Esta necesidad de disponer de una visión continua de lo que ocurre dentro de la infraestructura, correlacionar eventos y detectar comportamientos anómalos responde a un mercado cada vez más maduro, donde las organizaciones demandan capacidades de análisis más avanzadas. Gasca considera que estas tecnologías todavía están reservadas para partners especializados, con una mayor madurez en el mercado.

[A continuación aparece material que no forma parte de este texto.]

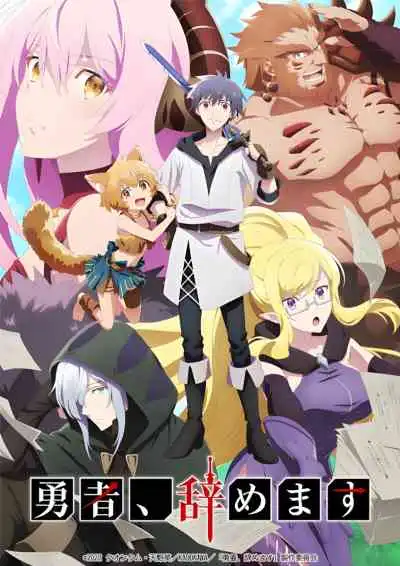 Yuusha Yamemasu ผมน่ะเลิกเป็นผู้กล้าแล้วครับ (พากย์ไทย)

De coste a inversión estratégica
Más allá de la evolución tecnológica, ambos directivos coinciden en destacar un cambio de mentalidad entre las empresas. La ciberseguridad ha dejado de contemplarse como un coste inevitable para convertirse en una inversión ligada directamente a la continuidad del negocio. “Antes se veía como un gasto; ahora es una inversión necesaria para proteger el negocio y la reputación”, afirma López.
Más de 500 partners trabajan con servicios de seguridad apoyados en la estructura de V-Valley
Ese cambio de percepción también está impulsando el crecimiento de los servicios gestionados, una estrategia que V-Valley lleva años defendiendo y que ha reforzado recientemente con la creación de Innovexya. Tras la integración de Lidera, el mayorista ha consolidado una estructura orientada a ofrecer capacidades de preventa, postventa y soporte especializado siempre a través del canal. Actualmente más de 500 partners trabajan con servicios de seguridad apoyados en la estructura del mayorista. “El servicio es área estratégica”, insiste el consejero delegado.
Incorporar fabricantes con criterio
El fortalecimiento de la oferta es uno de los ejes de crecimiento. Incorporaciones recientes como Ironchip, Forescout o Qualys responden a una política muy selectiva que es el factor que determina la selección.
Alberto López desvela que hay fabricantes que llaman a la puerta del mayorista, pero insiste en que el criterio sigue siendo el mismo: incorporar únicamente aquellas tecnologías que complementen de forma coherente la oferta existente y aporten valor al canal.
En esa evolución del catálogo, el cliente final empieza a desempeñar un papel cada vez más relevante. Según explica David Gasca, algunas de las últimas incorporaciones han surgido precisamente a partir de recomendaciones de grandes organizaciones que identifican nuevas soluciones capaces de resolver problemas muy concretos y solicitan que sea el canal quien las despliegue.
El valor de la especialización
Pese al crecimiento constante del número de fabricantes especializados, V-Valley no percibe una saturación entre sus partners. La clave, explica Gasca, reside en la especialización comercial de la que dispone V-Valley en el área de la ciberseguridad. Cada partner dispone de un interlocutor especializado en este mercado capaz de interpretar las necesidades del cliente antes de proponer una tecnología concreta. “Primero entendemos el problema; después buscamos la solución y, finalmente, hablamos del fabricante”.